━━━ RECORDS FOR THE EXERCISE ━━━
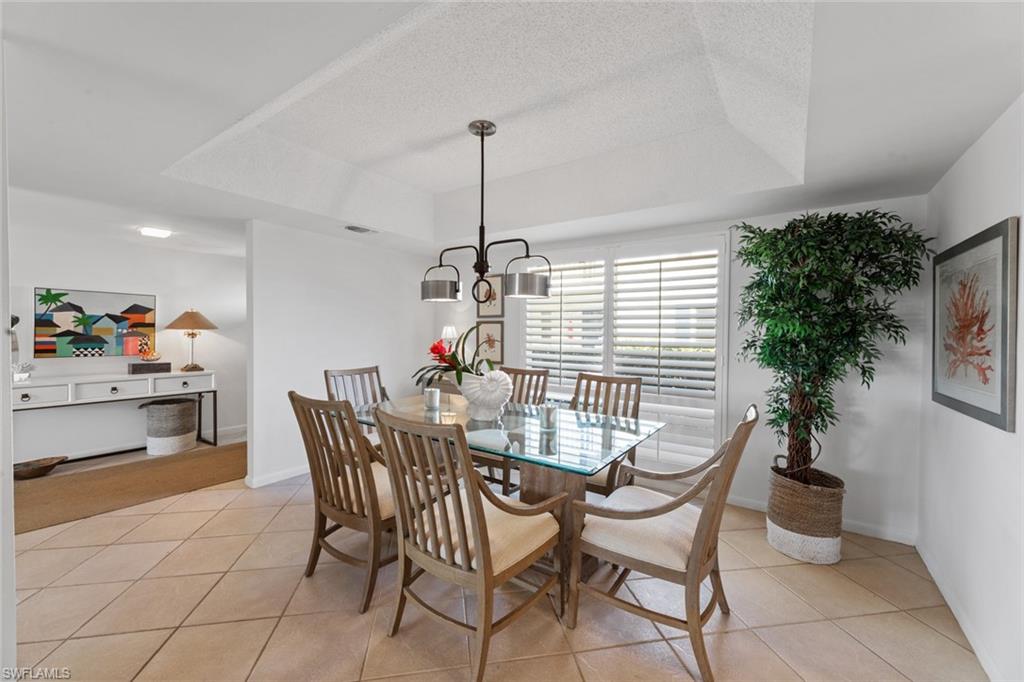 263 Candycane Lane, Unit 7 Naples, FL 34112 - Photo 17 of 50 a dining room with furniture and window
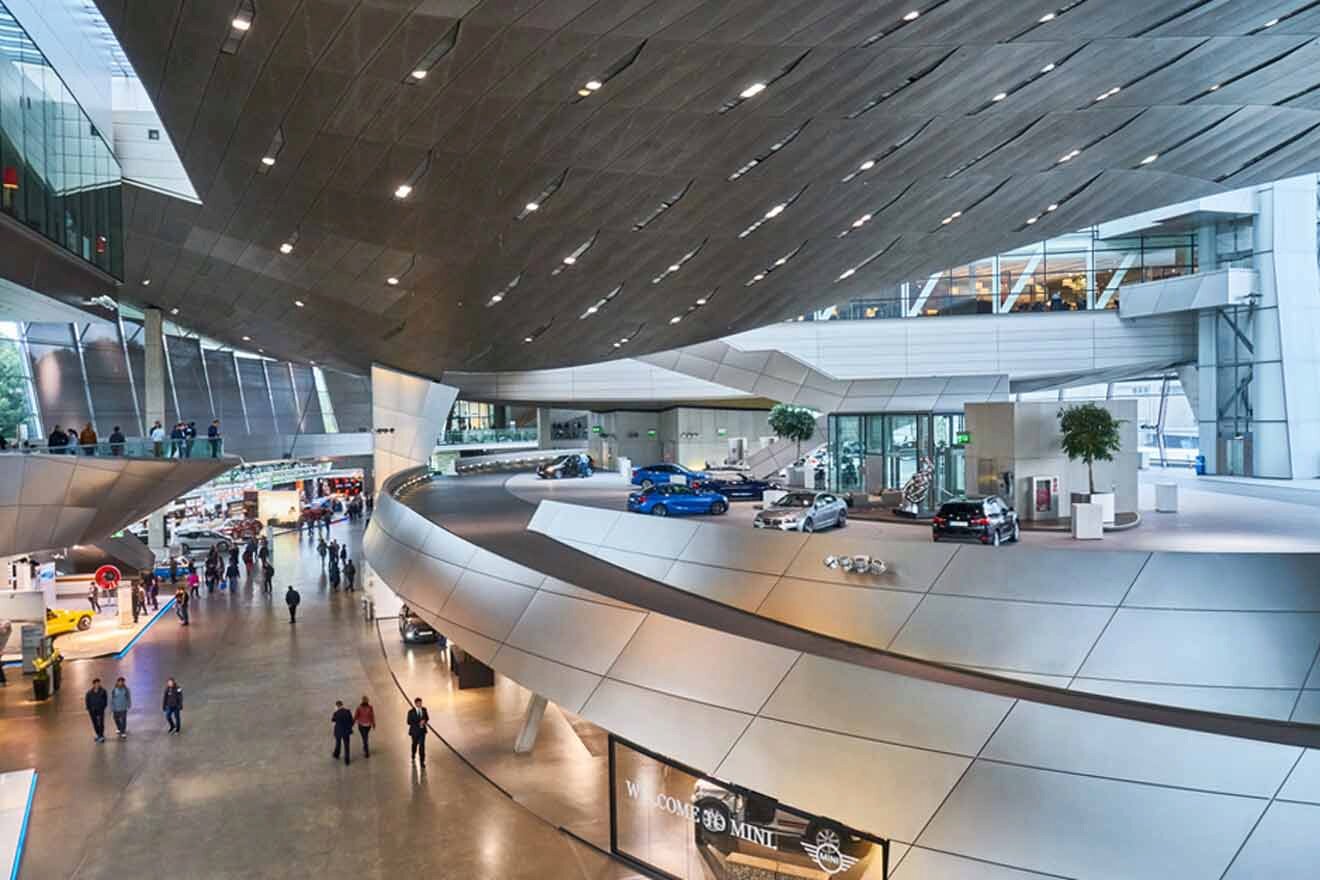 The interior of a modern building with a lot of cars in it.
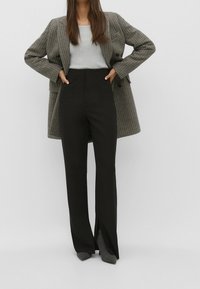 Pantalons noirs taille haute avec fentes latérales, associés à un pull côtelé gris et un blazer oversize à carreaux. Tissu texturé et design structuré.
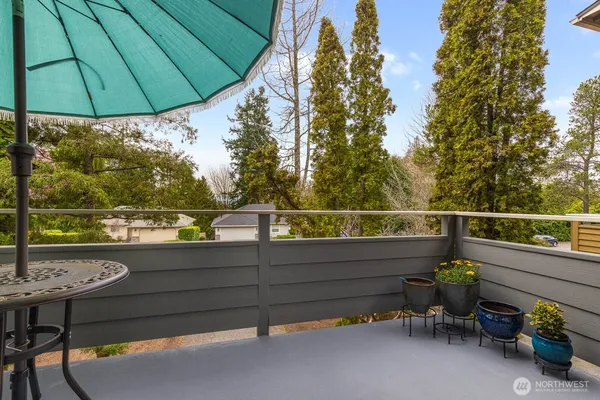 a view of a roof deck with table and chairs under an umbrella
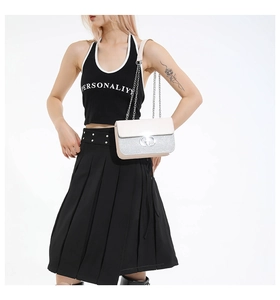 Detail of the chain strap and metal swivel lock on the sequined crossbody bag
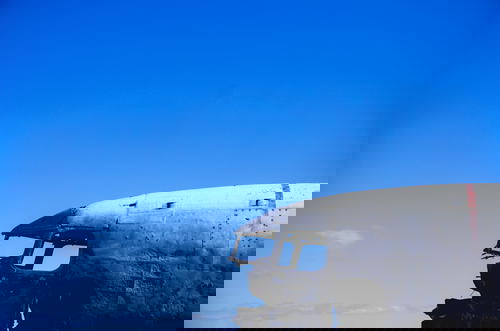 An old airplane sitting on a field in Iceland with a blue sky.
━━━
== WHAT YOU HAVE TO DO ==
Omit all pictures and write out, exactly, only the lines from the line containing "Pantalons noirs taille" through the last line of the entries above.

== PROBLEM SOLUTION ==
 Pantalons noirs taille haute avec fentes latérales, associés à un pull côtelé gris et un blazer oversize à carreaux. Tissu texturé et design structuré.
 a view of a roof deck with table and chairs under an umbrella
 Detail of the chain strap and metal swivel lock on the sequined crossbody bag
 An old airplane sitting on a field in Iceland with a blue sky.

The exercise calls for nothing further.